— What the task requires —
What do the lines from the one containing "TASKI MicroCare Mikrofasertuch 40x40 cm" through the end of the listing below say? Restate them word for word and give nothing else.

— Entries provided —

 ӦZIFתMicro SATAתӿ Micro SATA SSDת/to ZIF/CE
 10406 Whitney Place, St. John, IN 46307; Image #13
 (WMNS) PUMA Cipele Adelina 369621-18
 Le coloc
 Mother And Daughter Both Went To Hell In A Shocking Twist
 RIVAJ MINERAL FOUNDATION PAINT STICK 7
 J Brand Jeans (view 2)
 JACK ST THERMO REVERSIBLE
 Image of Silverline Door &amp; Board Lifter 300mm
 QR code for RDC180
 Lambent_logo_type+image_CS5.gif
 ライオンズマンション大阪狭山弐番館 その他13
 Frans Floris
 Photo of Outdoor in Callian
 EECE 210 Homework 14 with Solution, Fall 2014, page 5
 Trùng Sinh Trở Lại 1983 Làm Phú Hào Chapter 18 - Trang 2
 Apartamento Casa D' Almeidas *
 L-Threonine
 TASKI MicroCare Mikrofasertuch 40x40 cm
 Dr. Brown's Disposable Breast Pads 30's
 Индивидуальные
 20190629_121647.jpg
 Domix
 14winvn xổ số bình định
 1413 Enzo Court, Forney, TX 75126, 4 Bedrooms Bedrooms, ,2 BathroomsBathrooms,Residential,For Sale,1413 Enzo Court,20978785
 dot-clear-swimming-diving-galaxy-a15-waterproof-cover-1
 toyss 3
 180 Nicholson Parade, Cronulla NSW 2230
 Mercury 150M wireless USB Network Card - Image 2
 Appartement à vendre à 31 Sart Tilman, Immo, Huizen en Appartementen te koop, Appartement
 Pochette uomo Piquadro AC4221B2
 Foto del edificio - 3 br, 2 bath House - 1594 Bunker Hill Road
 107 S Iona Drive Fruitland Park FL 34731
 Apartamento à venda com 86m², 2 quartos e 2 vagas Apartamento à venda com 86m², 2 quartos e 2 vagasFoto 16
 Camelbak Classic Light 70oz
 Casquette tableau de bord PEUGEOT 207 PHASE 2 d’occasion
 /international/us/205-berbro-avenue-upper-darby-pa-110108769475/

— The answer —
 TASKI MicroCare Mikrofasertuch 40x40 cm
 Dr. Brown's Disposable Breast Pads 30's
 Индивидуальные
 20190629_121647.jpg
 Domix
 14winvn xổ số bình định
 1413 Enzo Court, Forney, TX 75126, 4 Bedrooms Bedrooms, ,2 BathroomsBathrooms,Residential,For Sale,1413 Enzo Court,20978785
 dot-clear-swimming-diving-galaxy-a15-waterproof-cover-1
 toyss 3
 180 Nicholson Parade, Cronulla NSW 2230
 Mercury 150M wireless USB Network Card - Image 2
 Appartement à vendre à 31 Sart Tilman, Immo, Huizen en Appartementen te koop, Appartement
 Pochette uomo Piquadro AC4221B2
 Foto del edificio - 3 br, 2 bath House - 1594 Bunker Hill Road
 107 S Iona Drive Fruitland Park FL 34731
 Apartamento à venda com 86m², 2 quartos e 2 vagas Apartamento à venda com 86m², 2 quartos e 2 vagasFoto 16
 Camelbak Classic Light 70oz
 Casquette tableau de bord PEUGEOT 207 PHASE 2 d’occasion
 /international/us/205-berbro-avenue-upper-darby-pa-110108769475/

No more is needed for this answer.